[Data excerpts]

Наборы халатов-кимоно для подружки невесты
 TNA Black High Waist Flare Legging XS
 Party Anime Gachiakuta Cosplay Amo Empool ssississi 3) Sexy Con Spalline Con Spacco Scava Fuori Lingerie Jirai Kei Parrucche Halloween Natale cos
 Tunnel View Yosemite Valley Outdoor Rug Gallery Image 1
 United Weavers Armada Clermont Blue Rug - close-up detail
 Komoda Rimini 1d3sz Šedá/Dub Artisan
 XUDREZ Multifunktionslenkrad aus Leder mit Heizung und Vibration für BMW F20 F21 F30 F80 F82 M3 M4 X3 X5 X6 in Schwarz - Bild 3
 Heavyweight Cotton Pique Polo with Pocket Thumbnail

= WHAT IS NEEDED =
Output the lines above between the one holding "TNA Black High Waist Flare Legging XS" and the one holding "Tunnel View Yosemite", inclusive, with nothing before or after them.

= COMPLETED TASK =
 TNA Black High Waist Flare Legging XS
 Party Anime Gachiakuta Cosplay Amo Empool ssississi 3) Sexy Con Spalline Con Spacco Scava Fuori Lingerie Jirai Kei Parrucche Halloween Natale cos
 Tunnel View Yosemite Valley Outdoor Rug Gallery Image 1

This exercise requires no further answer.